BEGIN DATASET EXCERPTS

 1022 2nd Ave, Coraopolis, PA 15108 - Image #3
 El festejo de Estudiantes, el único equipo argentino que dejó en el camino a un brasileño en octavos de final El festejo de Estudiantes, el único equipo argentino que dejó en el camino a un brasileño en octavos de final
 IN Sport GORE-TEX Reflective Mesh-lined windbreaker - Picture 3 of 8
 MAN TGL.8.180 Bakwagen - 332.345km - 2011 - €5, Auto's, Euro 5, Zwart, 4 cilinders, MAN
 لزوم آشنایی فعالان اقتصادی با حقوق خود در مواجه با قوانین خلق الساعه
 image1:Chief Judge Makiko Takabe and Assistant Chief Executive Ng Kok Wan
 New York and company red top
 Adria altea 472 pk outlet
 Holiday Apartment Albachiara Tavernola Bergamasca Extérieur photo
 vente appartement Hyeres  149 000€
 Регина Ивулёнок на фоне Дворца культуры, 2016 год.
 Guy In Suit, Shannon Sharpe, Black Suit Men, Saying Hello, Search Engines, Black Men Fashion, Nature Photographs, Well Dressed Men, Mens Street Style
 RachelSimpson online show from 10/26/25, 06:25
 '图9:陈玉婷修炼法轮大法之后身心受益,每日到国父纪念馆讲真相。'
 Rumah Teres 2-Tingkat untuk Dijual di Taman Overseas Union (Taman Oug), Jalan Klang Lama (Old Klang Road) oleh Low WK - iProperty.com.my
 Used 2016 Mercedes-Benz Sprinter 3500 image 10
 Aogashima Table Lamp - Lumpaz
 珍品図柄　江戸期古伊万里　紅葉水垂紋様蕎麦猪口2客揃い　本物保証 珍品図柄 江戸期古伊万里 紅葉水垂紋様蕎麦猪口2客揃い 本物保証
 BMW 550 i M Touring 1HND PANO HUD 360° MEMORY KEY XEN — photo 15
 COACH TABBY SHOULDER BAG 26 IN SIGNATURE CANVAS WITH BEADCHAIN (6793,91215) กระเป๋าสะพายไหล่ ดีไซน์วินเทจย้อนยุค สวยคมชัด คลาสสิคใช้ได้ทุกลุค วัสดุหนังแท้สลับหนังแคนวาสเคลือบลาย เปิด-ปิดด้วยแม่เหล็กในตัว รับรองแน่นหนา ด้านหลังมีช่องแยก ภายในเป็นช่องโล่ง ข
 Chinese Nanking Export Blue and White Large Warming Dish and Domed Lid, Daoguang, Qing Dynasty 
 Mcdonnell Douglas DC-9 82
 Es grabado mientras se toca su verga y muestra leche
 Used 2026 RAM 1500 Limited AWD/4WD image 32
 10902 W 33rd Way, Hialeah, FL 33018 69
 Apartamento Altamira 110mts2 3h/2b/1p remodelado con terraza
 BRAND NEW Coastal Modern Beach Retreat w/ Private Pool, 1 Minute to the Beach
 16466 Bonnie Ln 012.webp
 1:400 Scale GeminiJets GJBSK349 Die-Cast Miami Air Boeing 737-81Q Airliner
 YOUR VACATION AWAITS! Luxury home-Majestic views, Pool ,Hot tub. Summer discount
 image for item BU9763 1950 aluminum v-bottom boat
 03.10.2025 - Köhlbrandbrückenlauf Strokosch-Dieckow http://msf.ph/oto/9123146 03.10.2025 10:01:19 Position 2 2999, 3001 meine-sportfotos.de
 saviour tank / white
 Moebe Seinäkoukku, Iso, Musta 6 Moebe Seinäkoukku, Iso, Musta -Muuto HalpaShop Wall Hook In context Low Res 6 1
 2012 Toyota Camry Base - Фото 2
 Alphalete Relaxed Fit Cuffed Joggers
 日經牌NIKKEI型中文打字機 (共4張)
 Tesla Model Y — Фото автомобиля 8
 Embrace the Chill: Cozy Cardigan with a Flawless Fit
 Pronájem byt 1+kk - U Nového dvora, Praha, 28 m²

END DATASET EXCERPTS

Set the records down again in full, exactly as they read.

 1022 2nd Ave, Coraopolis, PA 15108 - Image #3
 El festejo de Estudiantes, el único equipo argentino que dejó en el camino a un brasileño en octavos de final El festejo de Estudiantes, el único equipo argentino que dejó en el camino a un brasileño en octavos de final
 IN Sport GORE-TEX Reflective Mesh-lined windbreaker - Picture 3 of 8
 MAN TGL.8.180 Bakwagen - 332.345km - 2011 - €5, Auto's, Euro 5, Zwart, 4 cilinders, MAN
 لزوم آشنایی فعالان اقتصادی با حقوق خود در مواجه با قوانین خلق الساعه
 image1:Chief Judge Makiko Takabe and Assistant Chief Executive Ng Kok Wan
 New York and company red top
 Adria altea 472 pk outlet
 Holiday Apartment Albachiara Tavernola Bergamasca Extérieur photo
 vente appartement Hyeres  149 000€
 Регина Ивулёнок на фоне Дворца культуры, 2016 год.
 Guy In Suit, Shannon Sharpe, Black Suit Men, Saying Hello, Search Engines, Black Men Fashion, Nature Photographs, Well Dressed Men, Mens Street Style
 RachelSimpson online show from 10/26/25, 06:25
 '图9:陈玉婷修炼法轮大法之后身心受益,每日到国父纪念馆讲真相。'
 Rumah Teres 2-Tingkat untuk Dijual di Taman Overseas Union (Taman Oug), Jalan Klang Lama (Old Klang Road) oleh Low WK - iProperty.com.my
 Used 2016 Mercedes-Benz Sprinter 3500 image 10
 Aogashima Table Lamp - Lumpaz
 珍品図柄　江戸期古伊万里　紅葉水垂紋様蕎麦猪口2客揃い　本物保証 珍品図柄 江戸期古伊万里 紅葉水垂紋様蕎麦猪口2客揃い 本物保証
 BMW 550 i M Touring 1HND PANO HUD 360° MEMORY KEY XEN — photo 15
 COACH TABBY SHOULDER BAG 26 IN SIGNATURE CANVAS WITH BEADCHAIN (6793,91215) กระเป๋าสะพายไหล่ ดีไซน์วินเทจย้อนยุค สวยคมชัด คลาสสิคใช้ได้ทุกลุค วัสดุหนังแท้สลับหนังแคนวาสเคลือบลาย เปิด-ปิดด้วยแม่เหล็กในตัว รับรองแน่นหนา ด้านหลังมีช่องแยก ภายในเป็นช่องโล่ง ข
 Chinese Nanking Export Blue and White Large Warming Dish and Domed Lid, Daoguang, Qing Dynasty 
 Mcdonnell Douglas DC-9 82
 Es grabado mientras se toca su verga y muestra leche
 Used 2026 RAM 1500 Limited AWD/4WD image 32
 10902 W 33rd Way, Hialeah, FL 33018 69
 Apartamento Altamira 110mts2 3h/2b/1p remodelado con terraza
 BRAND NEW Coastal Modern Beach Retreat w/ Private Pool, 1 Minute to the Beach
 16466 Bonnie Ln 012.webp
 1:400 Scale GeminiJets GJBSK349 Die-Cast Miami Air Boeing 737-81Q Airliner
 YOUR VACATION AWAITS! Luxury home-Majestic views, Pool ,Hot tub. Summer discount
 image for item BU9763 1950 aluminum v-bottom boat
 03.10.2025 - Köhlbrandbrückenlauf Strokosch-Dieckow http://msf.ph/oto/9123146 03.10.2025 10:01:19 Position 2 2999, 3001 meine-sportfotos.de
 saviour tank / white
 Moebe Seinäkoukku, Iso, Musta 6 Moebe Seinäkoukku, Iso, Musta -Muuto HalpaShop Wall Hook In context Low Res 6 1
 2012 Toyota Camry Base - Фото 2
 Alphalete Relaxed Fit Cuffed Joggers
 日經牌NIKKEI型中文打字機 (共4張)
 Tesla Model Y — Фото автомобиля 8
 Embrace the Chill: Cozy Cardigan with a Flawless Fit
 Pronájem byt 1+kk - U Nového dvora, Praha, 28 m²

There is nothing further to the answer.